- [WHAT IS BEING ASKED]:
Everything from the line with "BASILUR Four Season" to the line with "Buzz Rickson's Buzz" in the listing below, both lines included, needs to be copied exactly, apart from the pictures.

- [RECORDS FOR PROCESSING]:
"""

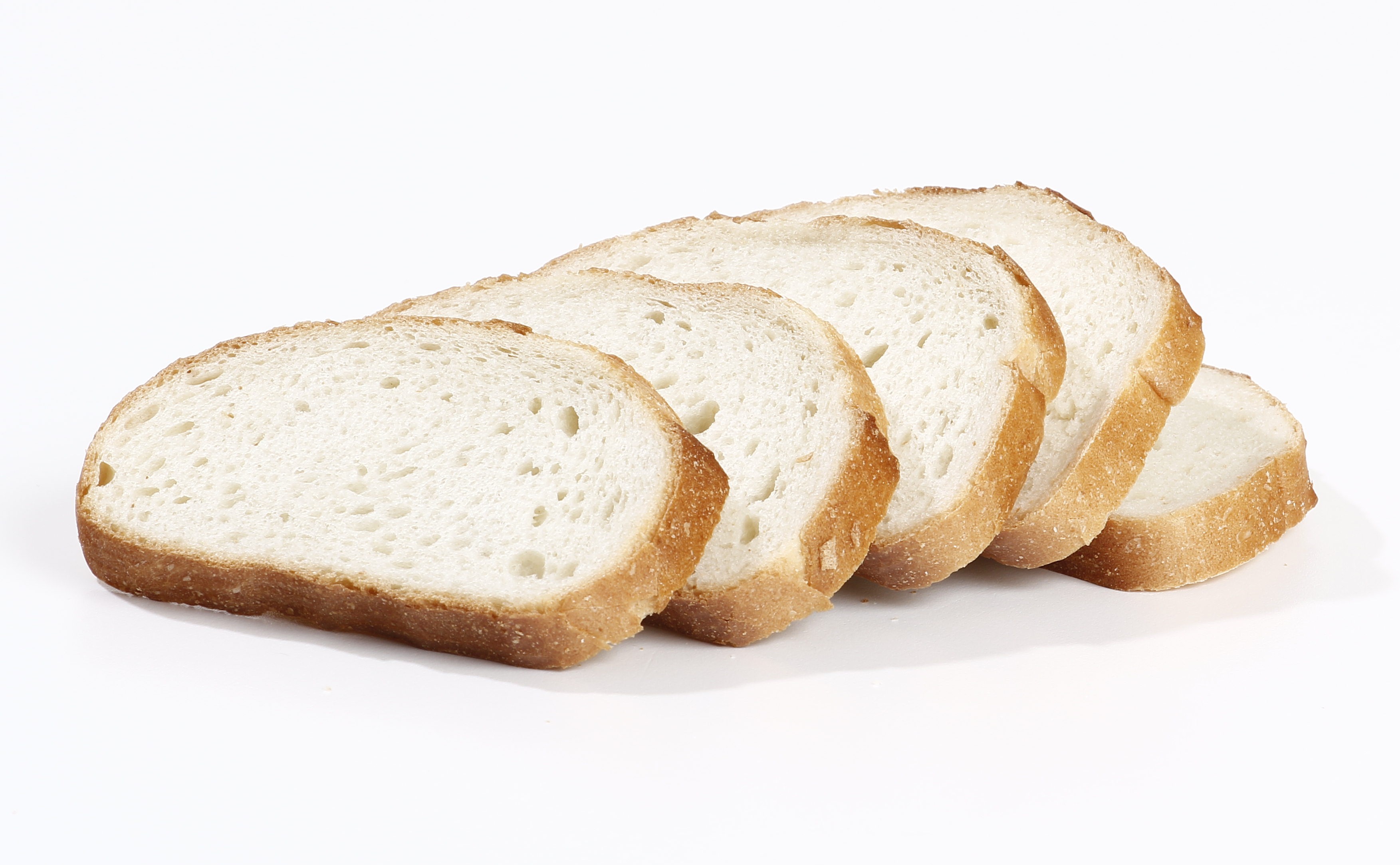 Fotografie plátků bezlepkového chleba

"""
"""

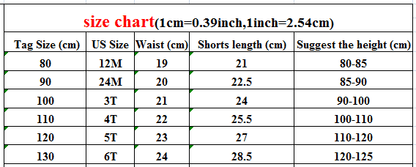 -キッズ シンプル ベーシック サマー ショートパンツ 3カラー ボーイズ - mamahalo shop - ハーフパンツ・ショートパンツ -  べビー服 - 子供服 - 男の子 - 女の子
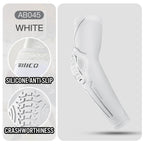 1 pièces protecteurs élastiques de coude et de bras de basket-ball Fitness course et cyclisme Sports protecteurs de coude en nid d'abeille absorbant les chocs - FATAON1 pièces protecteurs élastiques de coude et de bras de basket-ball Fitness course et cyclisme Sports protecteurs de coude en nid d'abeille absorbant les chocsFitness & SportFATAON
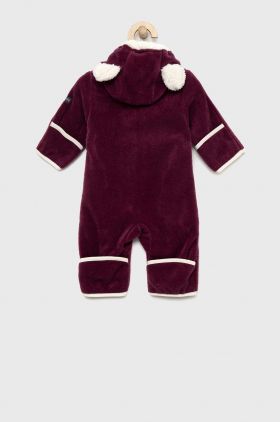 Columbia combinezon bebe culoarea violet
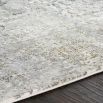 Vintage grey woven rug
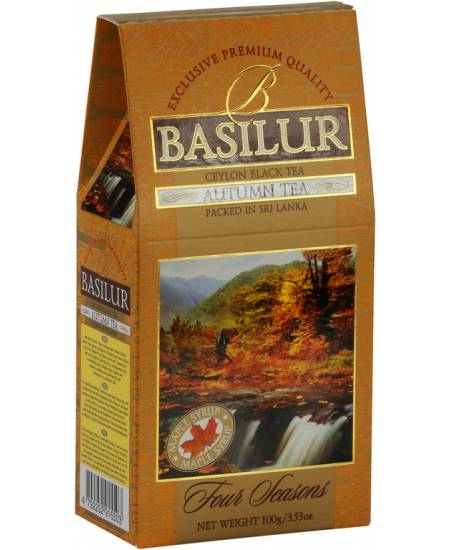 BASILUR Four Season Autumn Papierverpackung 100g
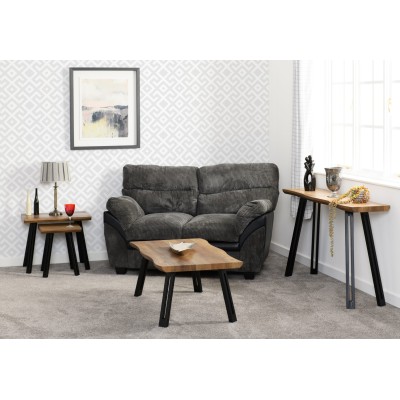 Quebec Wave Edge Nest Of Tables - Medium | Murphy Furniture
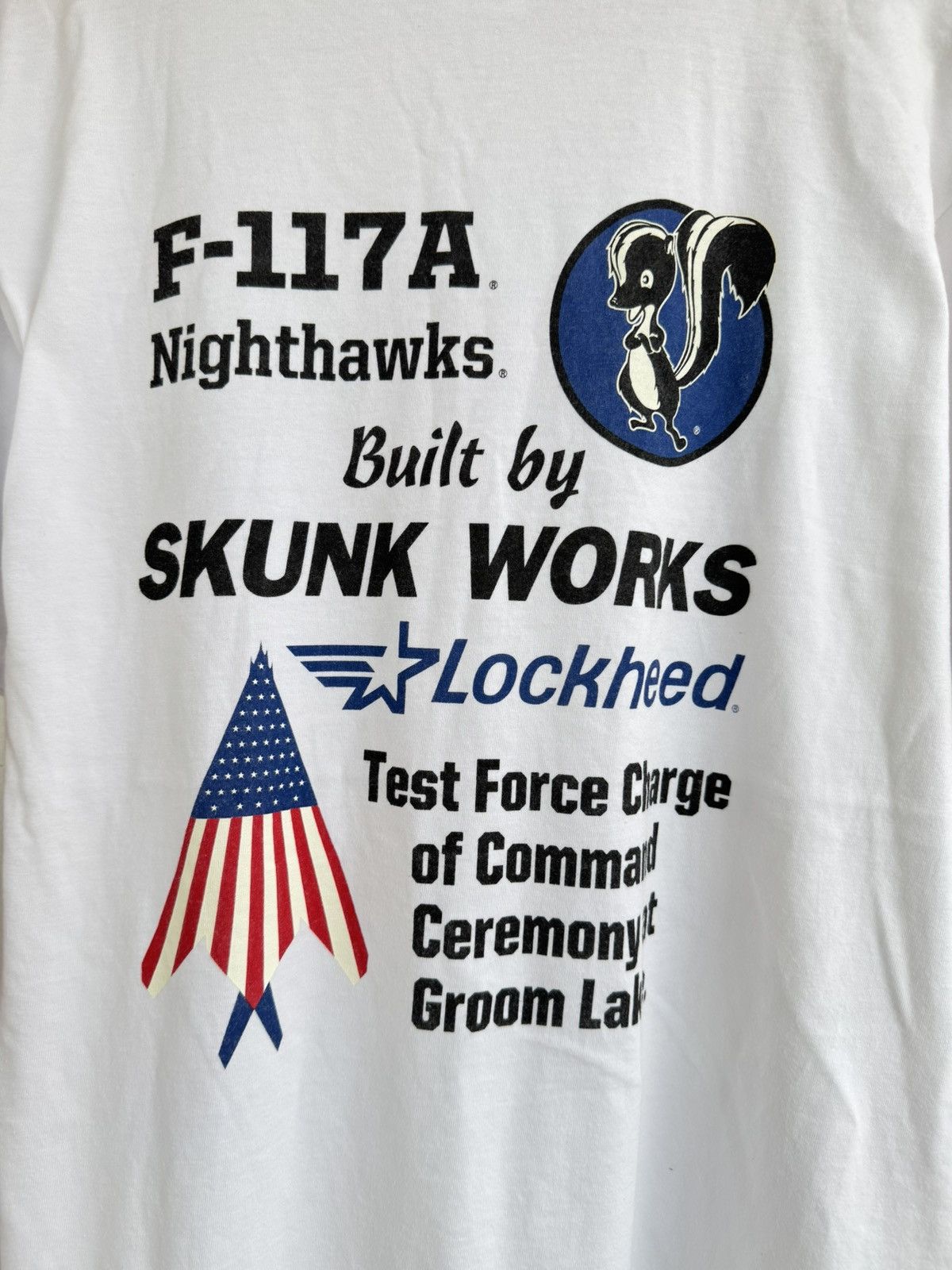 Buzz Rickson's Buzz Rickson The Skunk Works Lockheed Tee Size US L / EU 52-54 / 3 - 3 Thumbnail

"""

- [SOLUTION TO THIS PROBLEM]:
 BASILUR Four Season Autumn Papierverpackung 100g
 Quebec Wave Edge Nest Of Tables - Medium | Murphy Furniture
 Buzz Rickson's Buzz Rickson The Skunk Works Lockheed Tee Size US L / EU 52-54 / 3 - 3 Thumbnail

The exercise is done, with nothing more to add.